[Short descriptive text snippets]
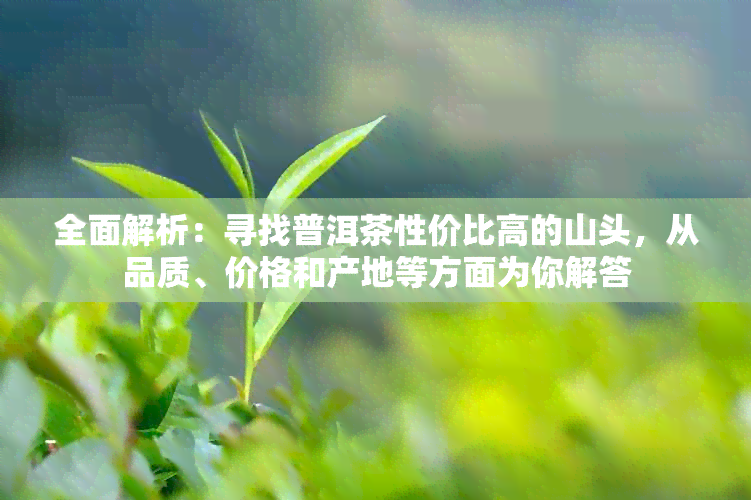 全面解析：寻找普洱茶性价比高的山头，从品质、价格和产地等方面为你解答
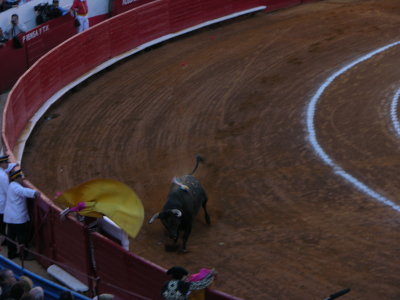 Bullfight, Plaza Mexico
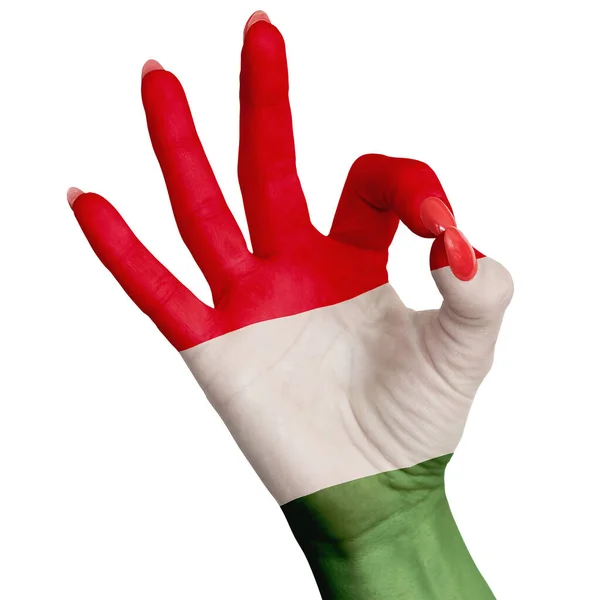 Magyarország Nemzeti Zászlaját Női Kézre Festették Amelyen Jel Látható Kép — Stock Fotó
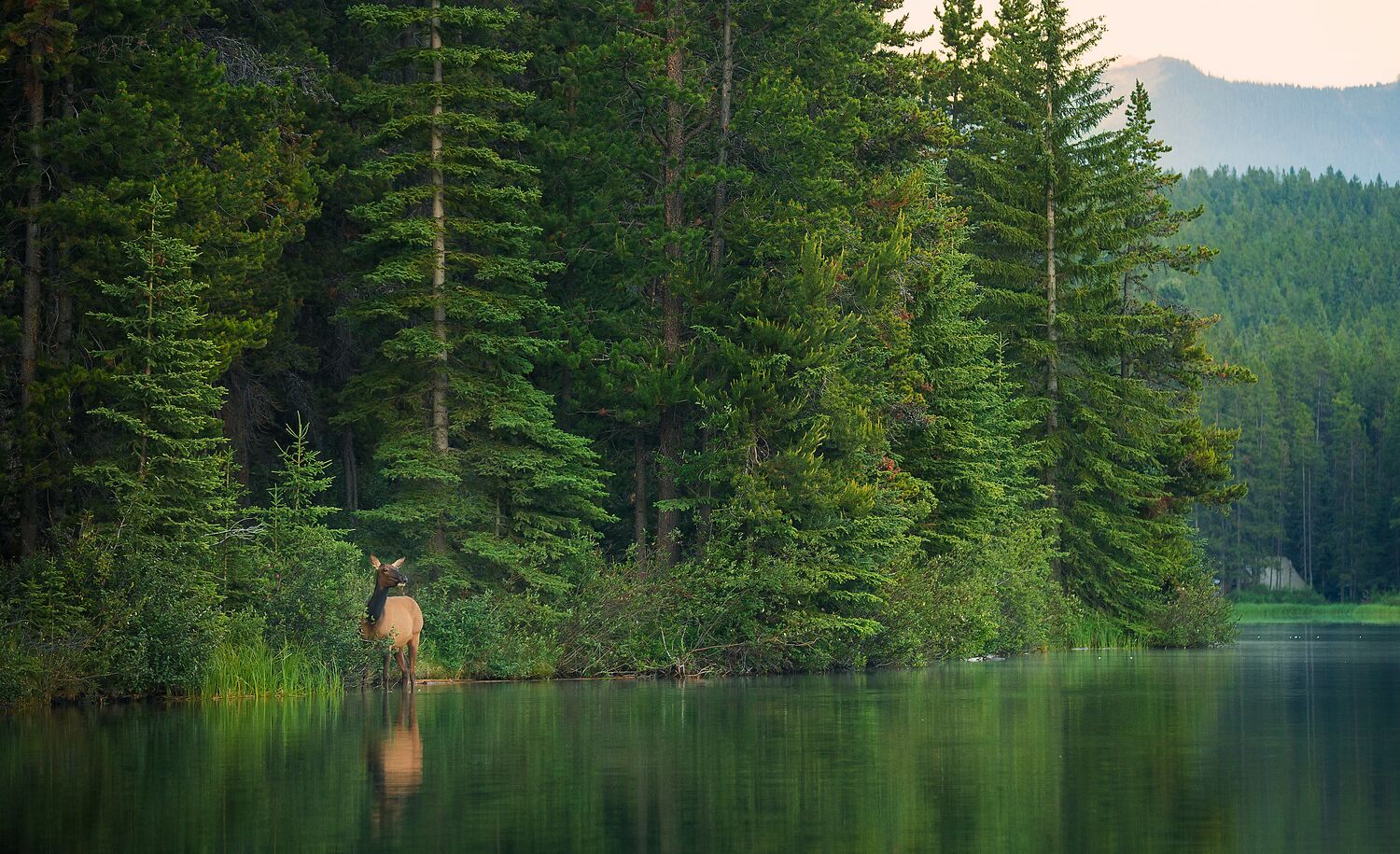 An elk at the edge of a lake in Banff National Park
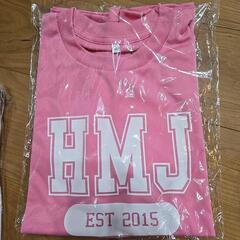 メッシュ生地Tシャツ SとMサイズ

[WHAT NEEDS TO BE DONE]
A verbatim copy of all the records, minus the pictures, is the expected answer.

[WORKED SOLUTION]
 全面解析：寻找普洱茶性价比高的山头，从品质、价格和产地等方面为你解答
 Bullfight, Plaza Mexico
 Magyarország Nemzeti Zászlaját Női Kézre Festették Amelyen Jel Látható Kép — Stock Fotó
 An elk at the edge of a lake in Banff National Park
 メッシュ生地Tシャツ SとMサイズ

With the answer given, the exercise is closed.